Monday, May 09, 2005

What The Book (Draft) Tells You

Things putting an actual manuscript together taught me:
  • There are some words I use a lot. Surprisingly, orbit seems to be one of them. When you're submitting poems 3 or 4 at a time to magazines, that's easier to miss. When you line all your poems up, those words line up with them. I rewrote some poems just to not beat those words and images to death.
  • Poems can look different in different light. At least 2 poems I liked as individuals couldn't find a home anywhere in the collection. But at least 2 poems I've never really cared for (and never thought of as "done") fit for some reason. I think it has something to do with pacing. Are there such things as "pacer poems"?

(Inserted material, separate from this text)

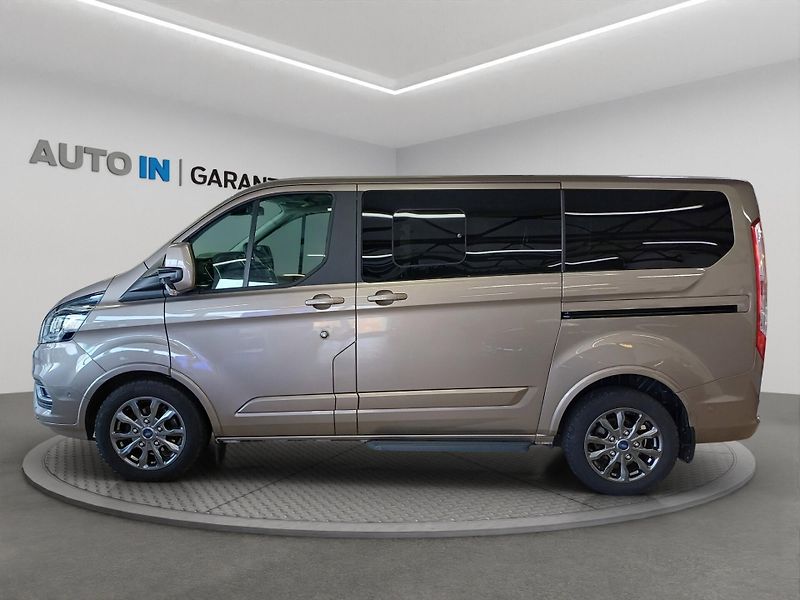 Ford Tourneo Custom (2023) 2,0 125 kW Titanium X - fotka 3 z 15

  • Mercy does not make the final edit. I felt more desire to trim the final product further than to put my darlings back in. I wonder if this is typical - to readjust your bar significantly higher when it comes time to risk an actual book.

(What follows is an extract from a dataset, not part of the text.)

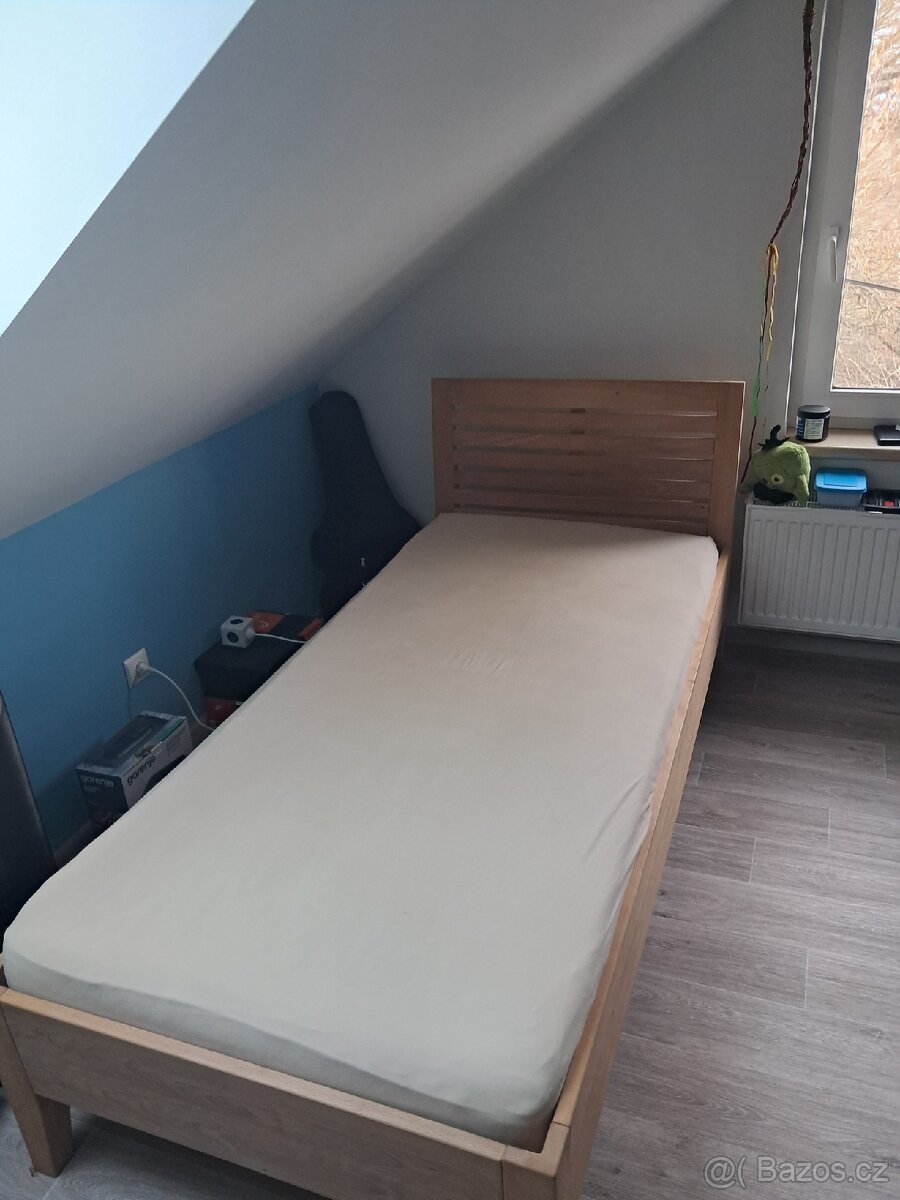 Prodám postel 90x200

  • Yes, Virginia, I do have a "voice". People have said this to me for some time, but I do start to see what makes one of my poems particular to me. I can't say "unique" - there are a lot of poems I haven't read yet - but I can for the first time detect the rhythms and sound patterns and basic vocabulary choices that are common throughout my work. And it makes it all the more pleasing when I surprise myself - hopefully that surprise reaches the reader in the collection, too.

As I said in an earlier post, this is my first contest submission, and my expectations are (I think) appropriate to my level of experience. But these new ideas (and the dozen other learnings I don't yet see clearly) were worth the hours of preparation and the $3 postage. Easily.